Football is like any other business in England, the recession and economic downturn has seen a decline in revenue with ticket and merchandise sales falling. As a consequence clubs are looking at new ways to keep their costs down while still maximising revenues.
Increasing debt levels and unsustainable wage bills for leading clubs has forced the Uefa’s Financial Fair Play rules that will change the financial outlook for Premier League clubs. They are no longer taking their situation for granted and are instead trying to securing their long term future at the top of the English game.
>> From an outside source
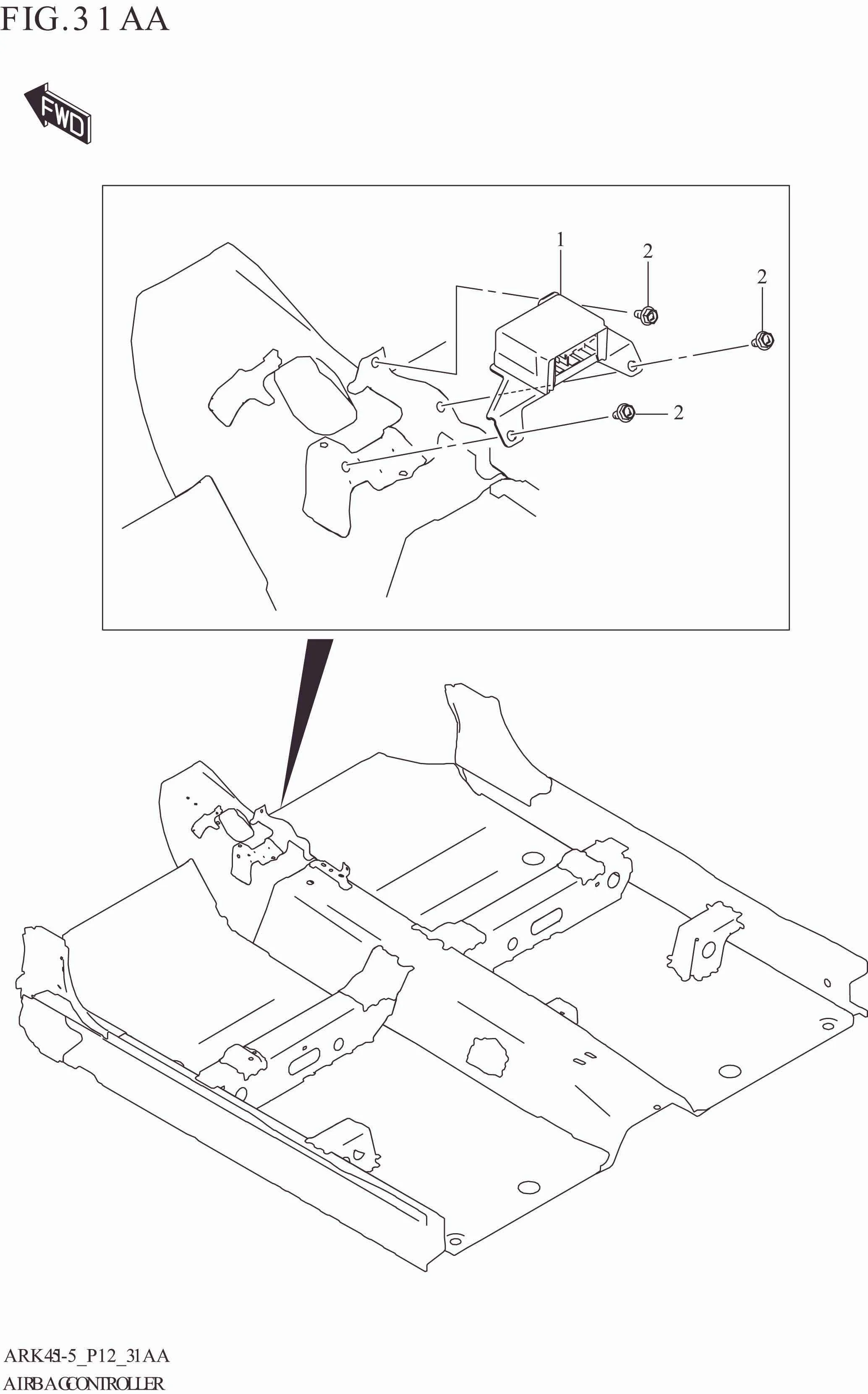 FIG. 31AA AIR BAG CONTROLLER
Only 20% of Europe's leadind clubs turn a profit said Uefa President, Michel Platini who has introduced the FFP rules to encourage a more sustainable business model. The rules, designed to ensure clubs live within their means over a rolling three-year period, prohibit clubs sustaining losses of more than £40 million during this time.
While millions more was spent during this year’s summer transfer window than in the last, it still feels that change in on the way in Premier League with a widespread policy of buying now as an investment for the future.
This can been seen with the fact that more money was spent on English players that ever before and a higher percentage of transfer fees went to clubs based in England with an increasingly trend to buy young English players. Manchester United’s Phil Jones, Arsenal’s Alex Oxlade-Chamberlain and Sunderland’s Connor Wickham were just some of the young English talent purchased in the summer by top clubs in the country.
Despite the £485 million lavished by Premier League clubs during this summer’s transfer window, there was still an increased financial restraint on managers with numerous clubs attempting to reduce their wage bill by clearing out surplus players on loans and free transfers in an attempt to cut their overinflated squads.
Football financial prudence has to be implimented to secure the long term future of the game.